**Dataset content:**

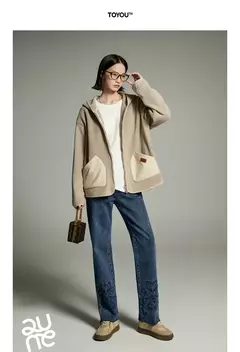 Toyouth-Chaqueta de terciopelo de doble cara para mujer, abrigo holgado grueso con capucha de manga larga para invierno, Tops informales versátiles con bolsillo de retales 2024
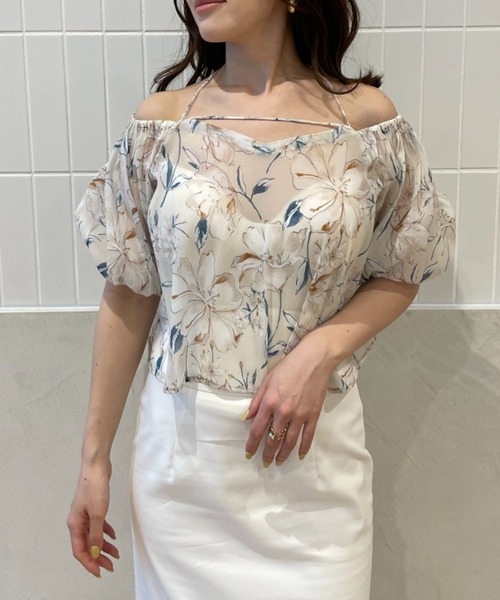 ブラウス シャツ Effie flowerシアートップス レディース
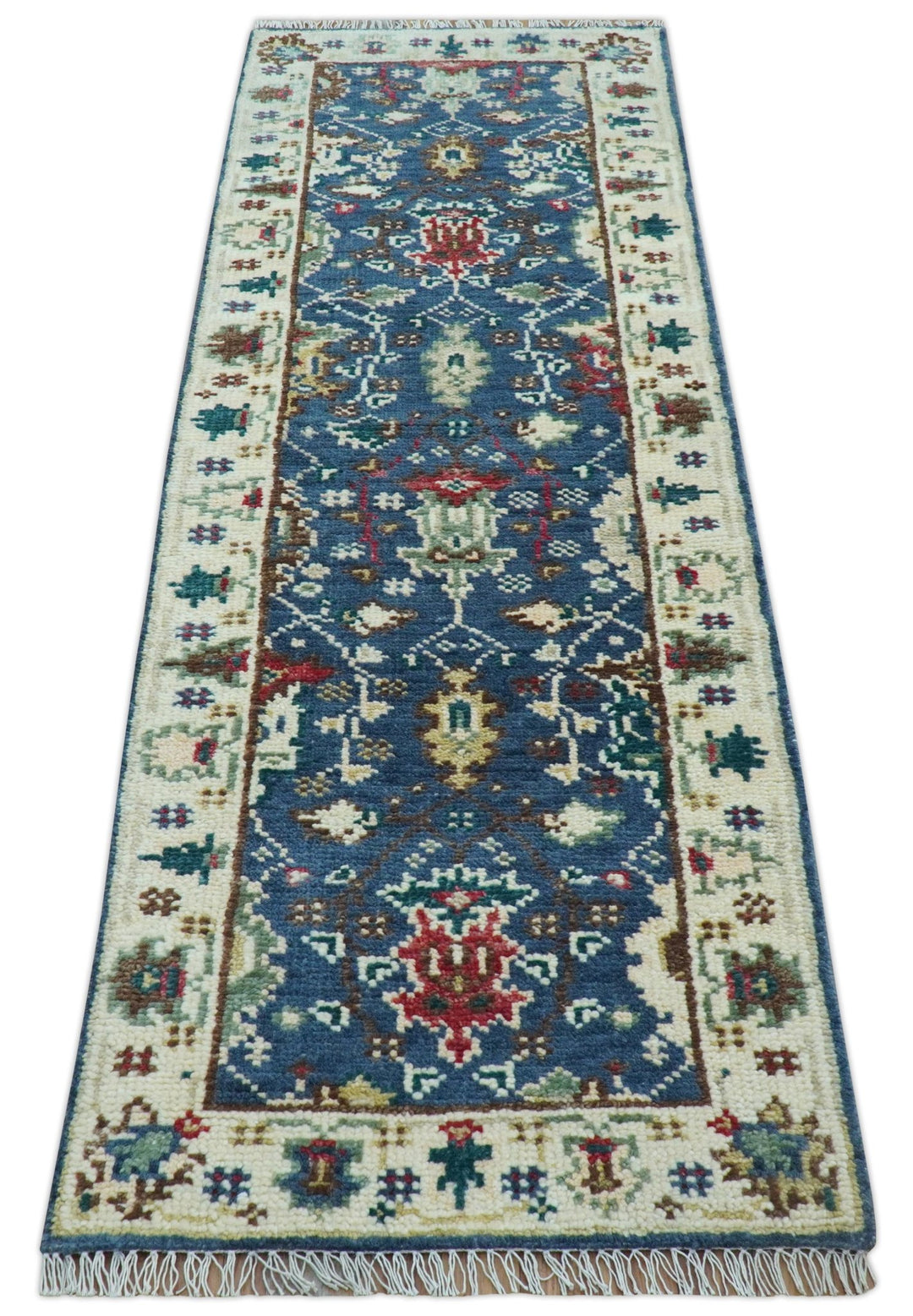 Hand knotted Runner 2.6x8 Blue And Ivory Traditional Design Wool Rug - The Rug Decor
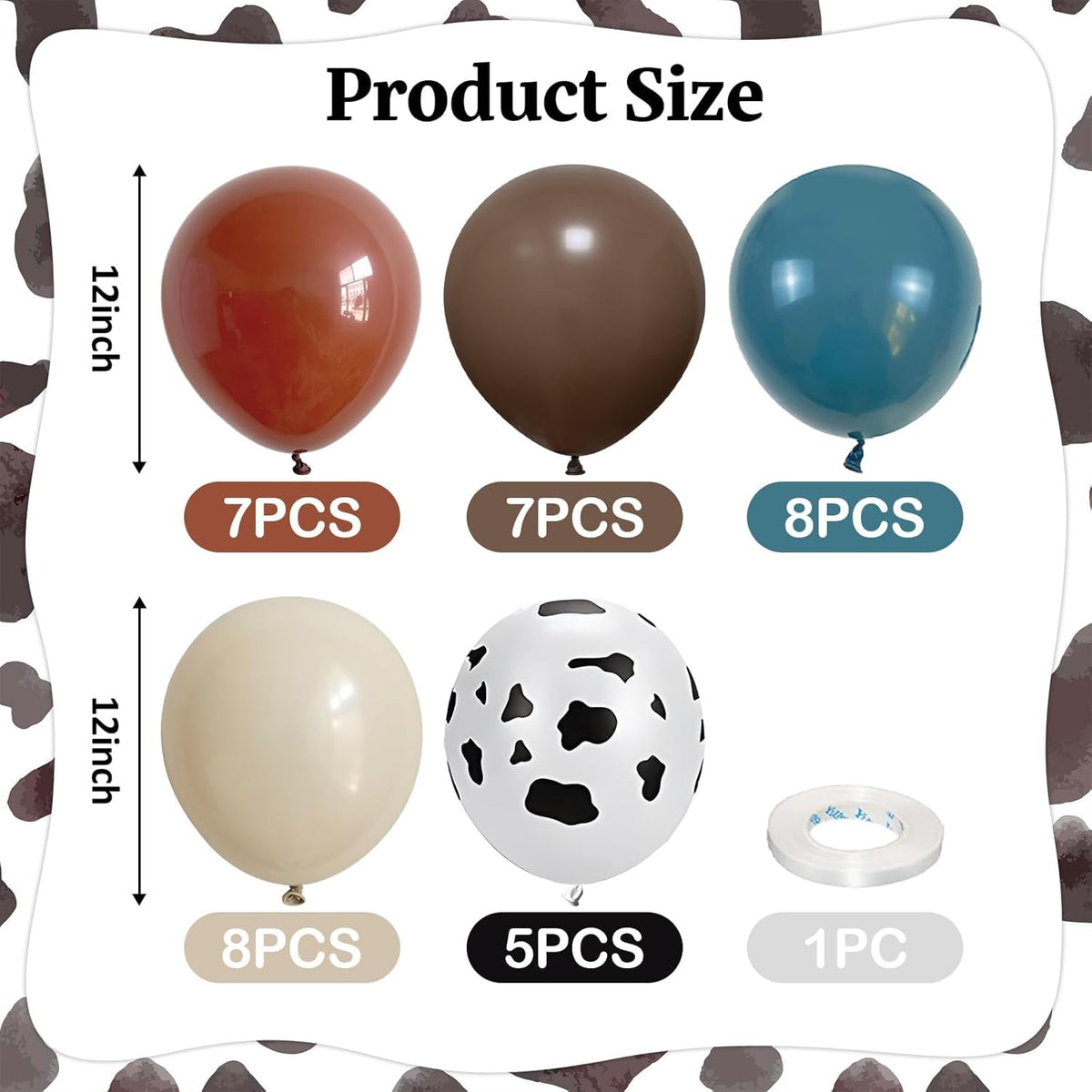 Cowboy Western Balloons, 12inch Cow Print Retro Coffee Brown Slate Dusty Blue Sand White Balloons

**Exercise details:**
All of the data must be given again exactly, without the pictures.

**Solution:**
 Toyouth-Chaqueta de terciopelo de doble cara para mujer, abrigo holgado grueso con capucha de manga larga para invierno, Tops informales versátiles con bolsillo de retales 2024
 ブラウス シャツ Effie flowerシアートップス レディース
 Hand knotted Runner 2.6x8 Blue And Ivory Traditional Design Wool Rug - The Rug Decor
 Cowboy Western Balloons, 12inch Cow Print Retro Coffee Brown Slate Dusty Blue Sand White Balloons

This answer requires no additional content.